En mars 2012, un ouvrier de 36 ans, qui travaillait depuis onze ans sur le site d'Amiens-sud, s'est suicidé. Aussitôt, les cadences infernales ont été pointées du doigt. "C'était un ouvrier modèle qui arrivait toujours une heure avant sa prise de poste. Mais il a craqué, il n'en pouvait plus : il avait plusieurs fois évoqué à des collègues son ras-le-bol de la pression qu'on lui faisait subir en permanence", a ainsi témoigné, dans Le Courrier Picard, Wilfried Lebeau, du syndicat Sud-chimie.
Au moins quatre tentatives de suicide ont également été recensées, selon lui, depuis la mise en place des nouvelles cadences en 2009.
Un avenir à la Continental ?
La direction a certes investi près de 40 millions d'euros pour remettre à niveau l'outil. Mais dans un marché automobile en berne, l'entreprise, qui s'est spécialisée dans les pneus haut de gamme, a vu sa production chuter en 2012, au point de devoir recourir au chômage partiel.

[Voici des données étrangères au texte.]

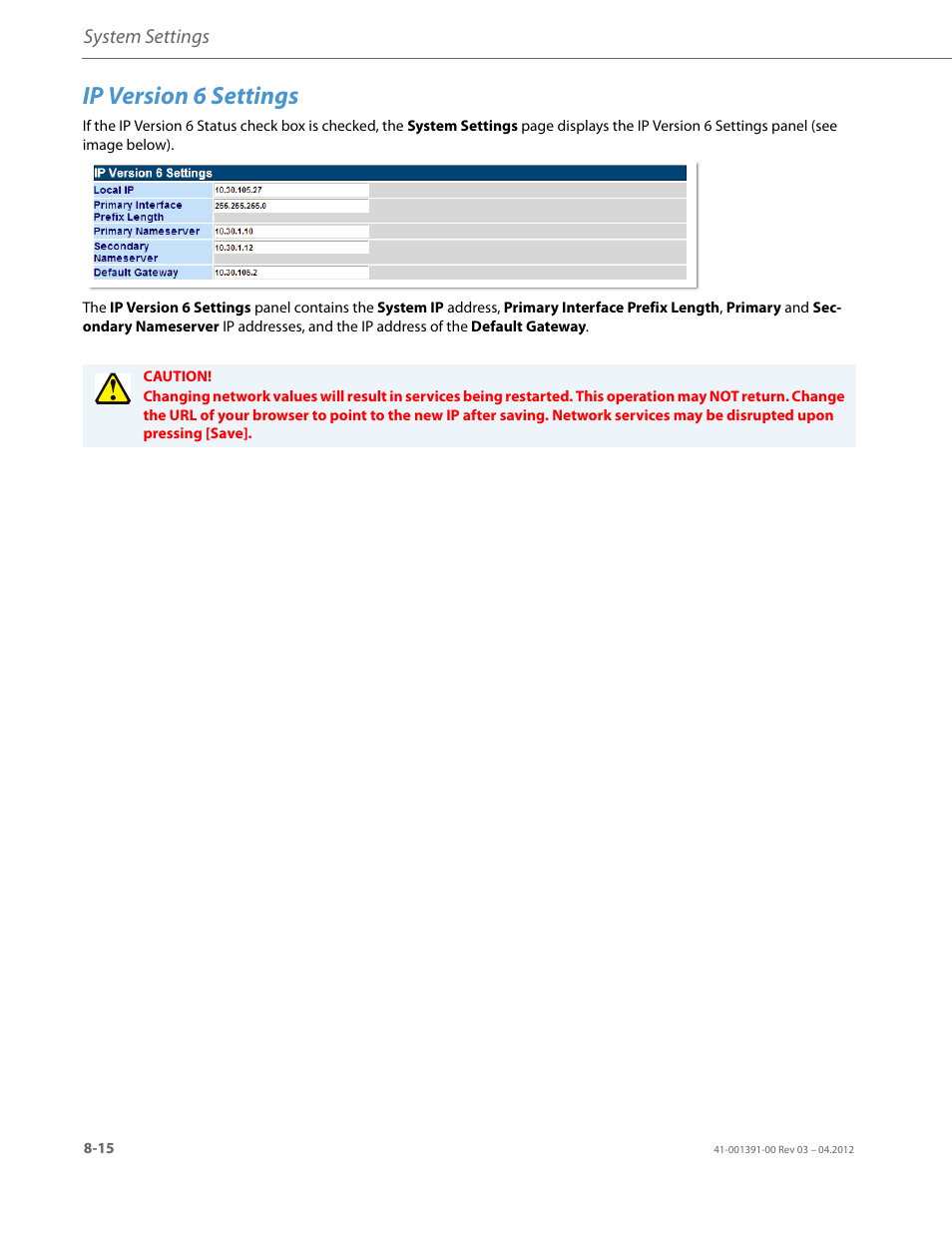 Ip version 6 settings | AASTRA BluStar 8000i BAS-Mode Administrator Guides EN User Manual | Page 130 / 175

"Quand la direction présente les résultats du groupe en Europe, Goodyear est classé dernier et nous, on est avant-dernier, s'alarme, toujours dans Le Courrier Picard, Wilfried Lebeau. Je me dis que si demain Goodyear ferme, on risque d'être les suivants...". "L'accord 4x8 nous protège jusqu'en 2014", tente de rassurer le délégué syndical CFTC de Dunlop, Thierry Recoupé.
Car beaucoup redoutent un destin à la Continental : à Clairoix (Oise), c'est-à-dire à 80 kilomètres au sud-est d'Amiens, les salariés de cette autre usine de pneumatiques avaient eux aussi été contraints, en 2007, d'accepter un retour aux 40 heures, avec jours fériés travaillés. En contrepartie, le groupe Continental s'était engagé à ne pas fermer le site pendant au moins cinq ans. Un sacrifice qui s'était révélé inutile : moins de deux ans plus tard, la direction annonçait la fermeture du site, laissant quelque 1 200 salariés sur le carreau.